Bulkheads & Circuit Breakers
Isolate failures and prevent cascading outages using proven reliability patterns.
TL;DR
Isolate failures and prevent cascading outages using proven reliability patterns. This pattern is proven in production at scale and requires thoughtful implementation, continuous tuning, and rigorous monitoring to realize its benefits.
Learning Objectives
- Understand the problem this pattern solves
- Learn when and how to apply it correctly
- Recognize trade-offs and failure modes
- Implement monitoring to validate effectiveness
- Apply the pattern in your own systems
Motivating Scenario
Your e-commerce system has checkout, recommendation, and reviews services. One day, the recommendation service slows down (database issue). Without protection:
- Checkout calls recommendation (waits 30sec, times out)
- Checkout thread blocked for 30sec
- All checkout threads exhaust (max 100)
- New checkouts rejected (HTTP 503)
- System down completely
With bulkheads (isolation):
- Checkout has 20 threads dedicated to its operations
- Recommendation calls happen in separate thread pool (10 threads)
- Recommendation slows down → only 10 threads blocked
- Checkout unaffected (has 20 threads, using only 10 for other operations)
- System degraded (no recommendations) but functional
With circuit breaker (fast failure):
- Recommendation fails multiple times
- Circuit breaker opens (stops sending requests)
- Checkout gets fast error ("service unavailable") instead of 30sec timeout
- Checkout can serve without recommendations
- Result: users get checkout without recommendations rather than total failure
Core Concepts
Bulkheads: Isolation Pattern
Separate resources so one failure doesn't cascade.
Thread pool bulkhead:
Service A (Checkout):
Thread Pool 1: 50 threads for checkout requests
Thread Pool 2: 10 threads for recommendation calls
Thread Pool 3: 5 threads for review calls
If recommendation service hangs, only Pool 2 threads block.
Pools 1 and 3 continue normally.
Connection pool bulkhead:
Service A:
Database Connection Pool: 20 connections (shared)

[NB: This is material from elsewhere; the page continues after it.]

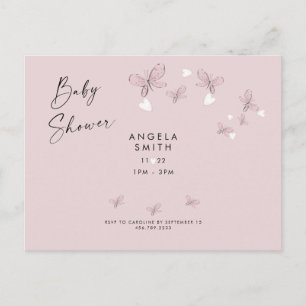 Coeurs roses et papillons Baby shower Invitation P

Problem: One slow query uses all 20, other requests starve
Fixed with bulkheads:
Checkout Query Pool: 10 connections reserved
Analytics Query Pool: 5 connections reserved
Reports Query Pool: 5 connections reserved
One service can't monopolize all connections.
Request queue bulkhead:
Service A:
Checkout Queue: 1000 max
Recommendation Queue: 100 max
During spike:
Checkout: uses 1000 queue slots
Recommendation: has own 100 slots, independent
Spikes in recommendation don't affect checkout queue.
Circuit Breaker: Fast Failure Pattern
Stop calling failing service, fail fast instead.
States:
Closed (normal):
- Requests flow through to service
- Failures tracked (count, rate)
Open (circuit trips when threshold exceeded):
- Requests fail immediately (no call to service)
- Service gets time to recover (no load)
- Timeout to half-open: 30 seconds
Half-Open (testing recovery):
- Allow limited requests (e.g., 1 request)
- If successful: close circuit
- If fails again: reopen circuit
Example state machine:
[Closed] -- failures > 50% or count > 10 --> [Open]
failure rate under 50% |
| (30 sec timeout)
v
[Half-Open]
|
(test request succeeds)
(test request fails)
| |
v v
[Closed] [Open]
Pattern Purpose
Bulkheads and Circuit Breakers prevent cascading failures. Bulkheads isolate resources; circuit breakers fail fast.
Key Principles
- Isolation: Resources per function; one doesn't starve others
- Fast failure: Don't hammer failing service; fail fast
- Graceful degradation: Continue with reduced function
- Recovery: Allow service time to recover before retrying
When to Use
- Microservices with external dependencies
- Need high availability (some service degradation acceptable)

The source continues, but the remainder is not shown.